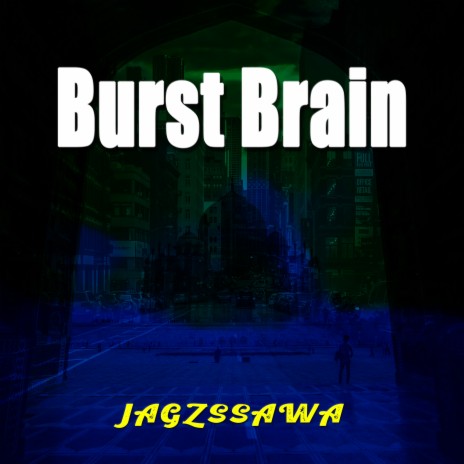Burst Brain | Boomplay Music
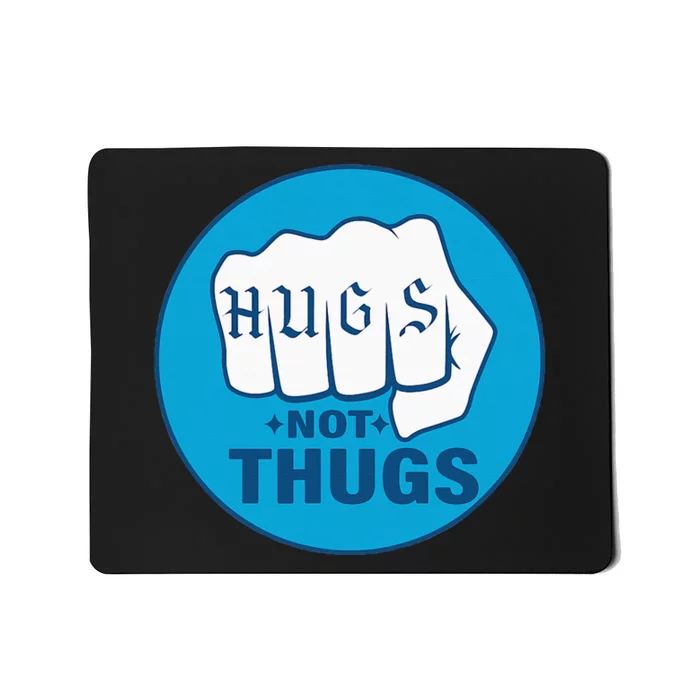 Hugs Not Thugs Mousepad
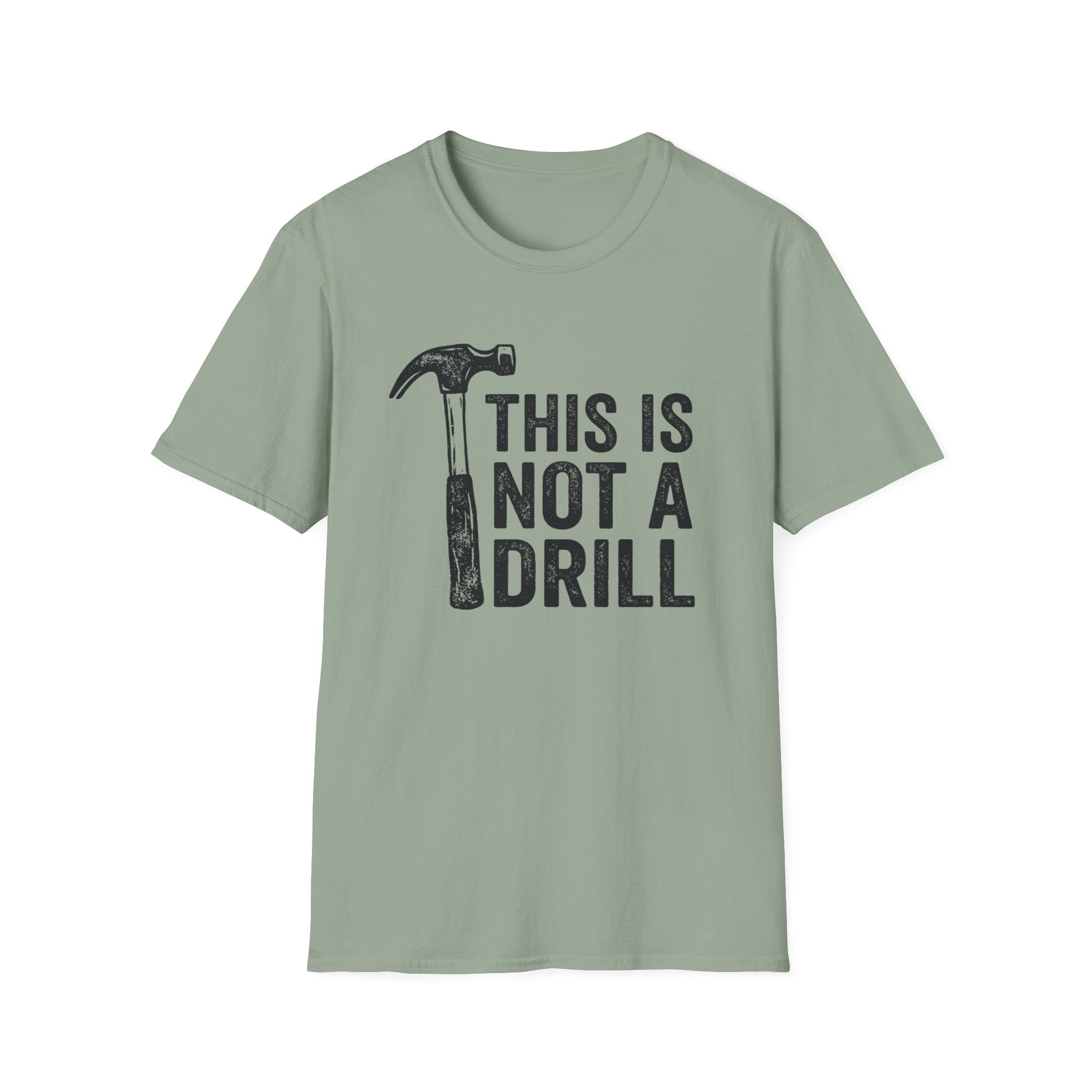 Not a Drill T-Shirt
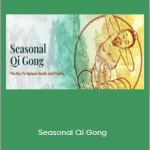 Tom Bisio - Seasonal Qi Gong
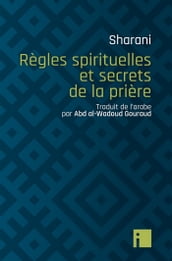 Règles spirituelles et secrets de la prière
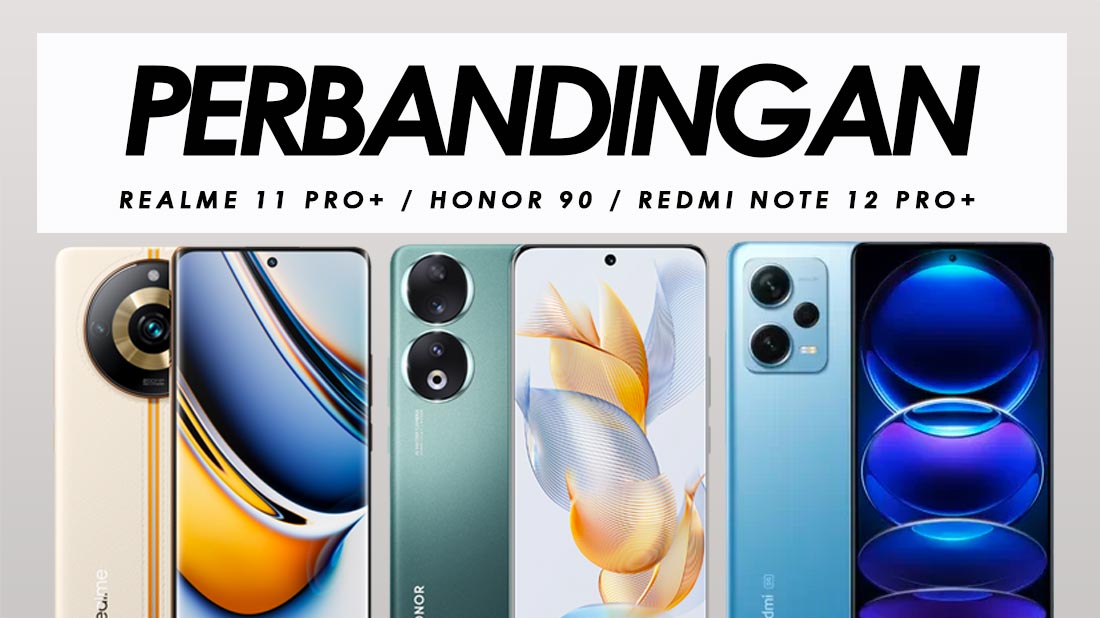 Perbandingan Realme 11 Pro+, Honor 90 Dan Redmi Note 12 Pro+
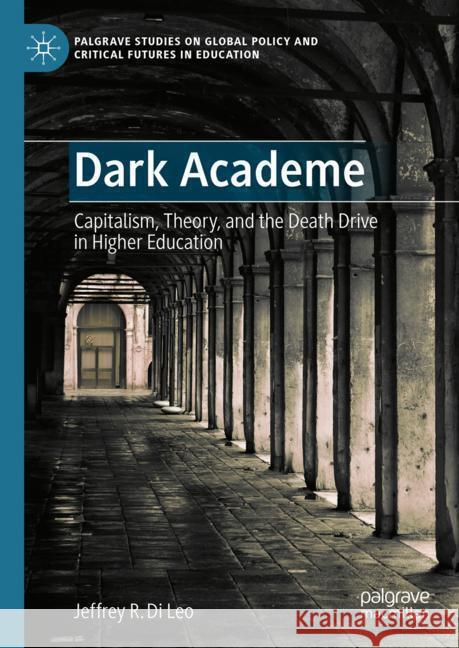 Dark Academe: Capitalism, Theory, and the Death Drive in Higher Education Jeffrey R. D 9783031563508 Palgrave MacMillan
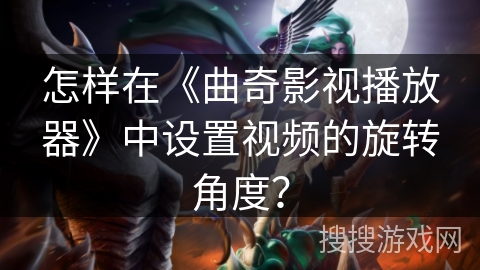 怎样在《曲奇影视播放器》中设置视频的旋转角度? 怎样在《曲奇影视播放器》中设置视频的旋转角度?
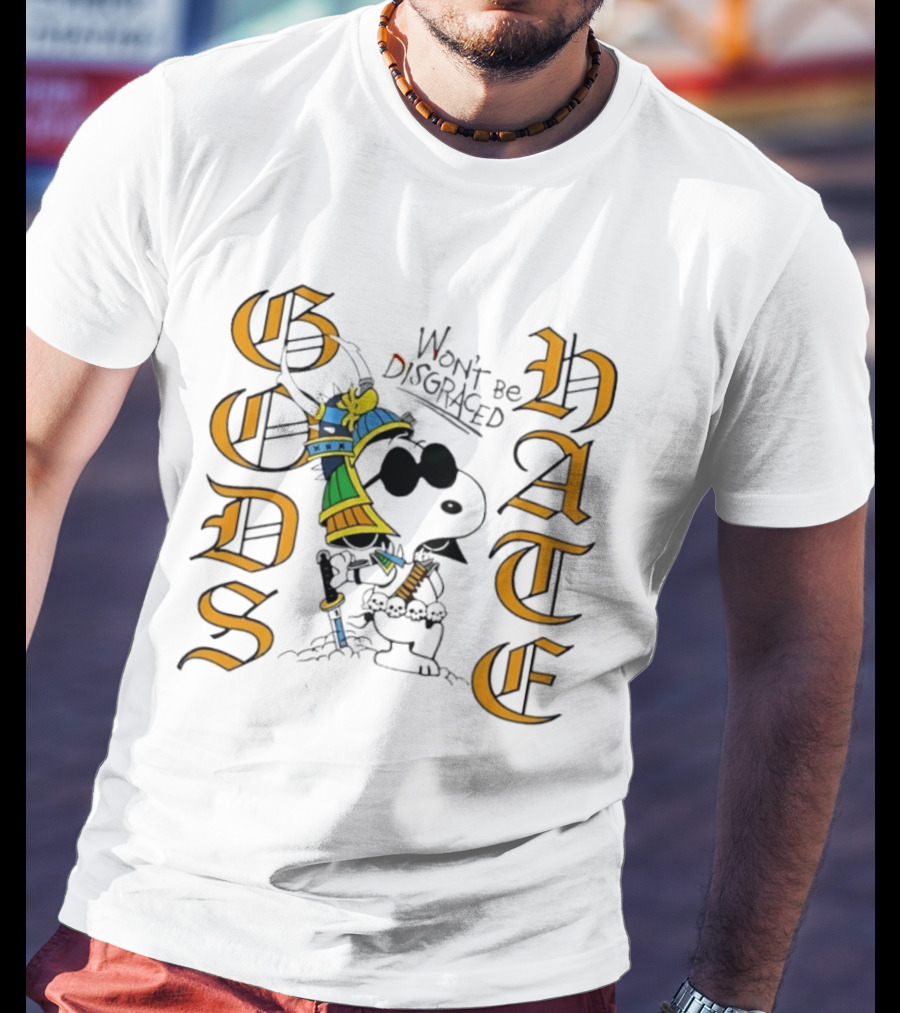 Gods Hate Snoopy Samurai Won't Be Disgraced T-Shirt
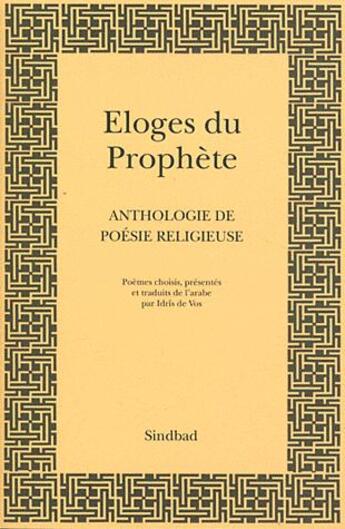 Couverture du livre « Éloges du prophète » de Idris De Vos aux éditions Sindbad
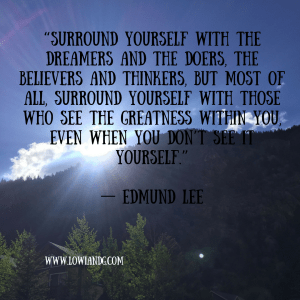surround-yourself-with-the-dreamers-and-the-doers-the-believers-and-thinkers-but-most-of-all-surround-yourself-with-those-who-see-the-greatness-within-you-even-when-you-dont-see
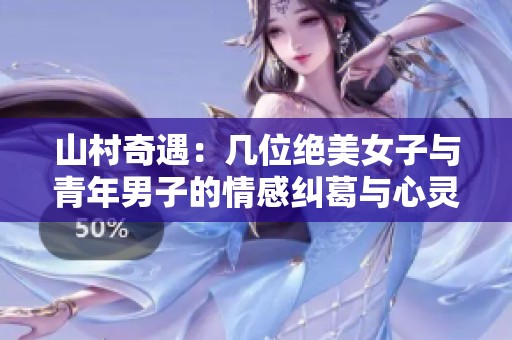山村奇遇：几位绝美女子与青年男子的情感纠葛与心灵碰撞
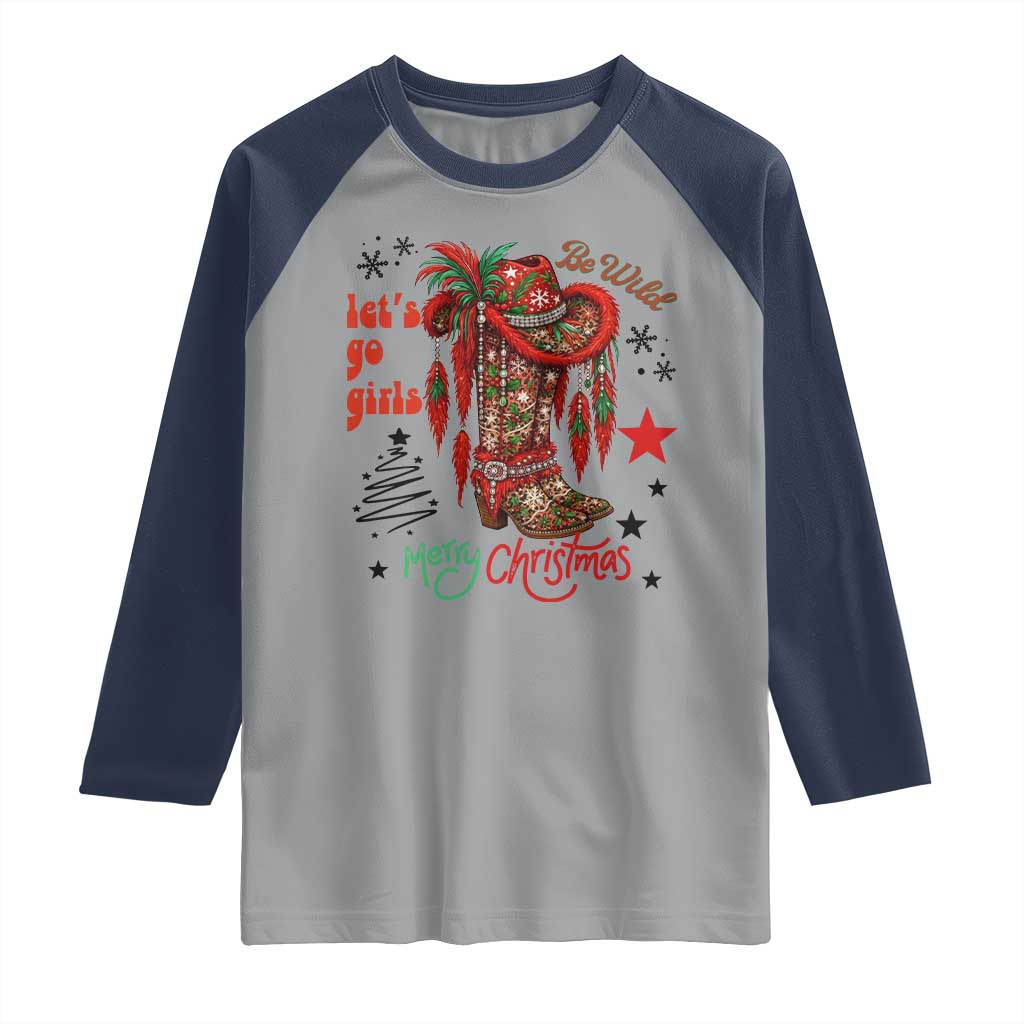 Let Us Go Girls Raglan Shirt Christmas Cowgirl Boots TS14 Sport Gray Navy Print Your Wear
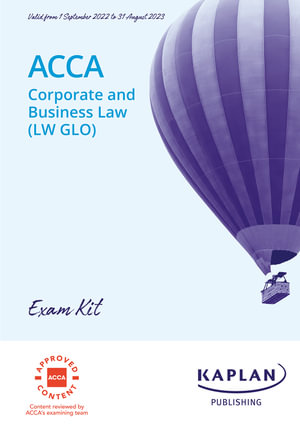 Corporate Business Law (LW-GLO) - Exam Kit - Kaplan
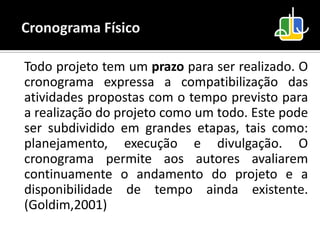 Todo projeto tem um prazo para ser realizado. O
cronograma expressa a compatibilização das
atividades propostas com o tempo previsto para
a realização do projeto como um todo. Este pode
ser subdividido em grandes etapas, tais como:
planejamento, execução e divulgação. O
cronograma permite aos autores avaliarem
continuamente o andamento do projeto e a
disponibilidade de tempo ainda existente.
(Goldim,2001)
 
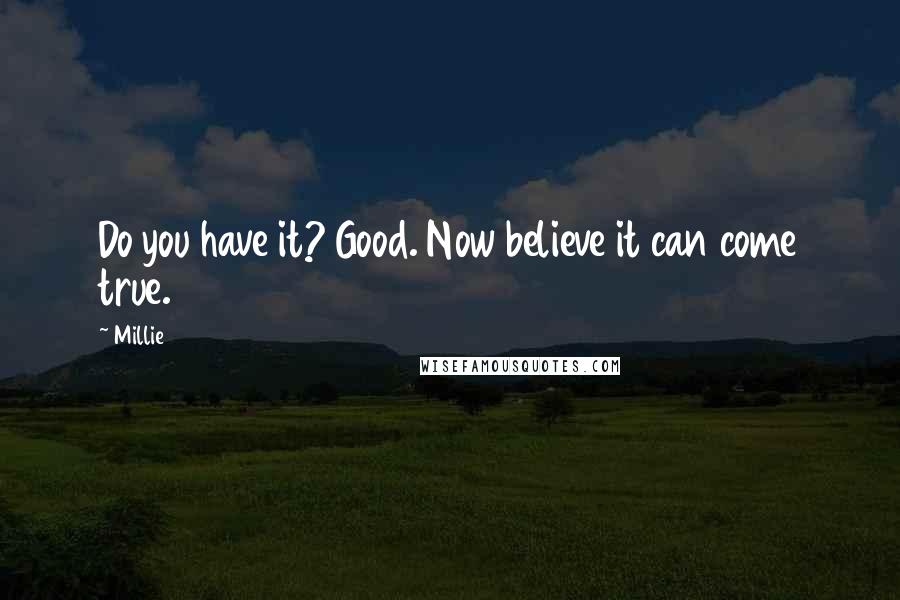 Millie Quotes: Do you have it? Good. Now believe it can come true.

☆ ☆ ☆ ☆ ☆

Nothing except the lines from the one containing "Règles spirituelles et secrets de la prière" through the one containing "Dark Academe: Capitalism, Theory, and" should appear in the answer, exactly as above and without pictures.

> [EXERCISE RESPONSE]
 Règles spirituelles et secrets de la prière
 Perbandingan Realme 11 Pro+, Honor 90 Dan Redmi Note 12 Pro+
 Dark Academe: Capitalism, Theory, and the Death Drive in Higher Education Jeffrey R. D 9783031563508 Palgrave MacMillan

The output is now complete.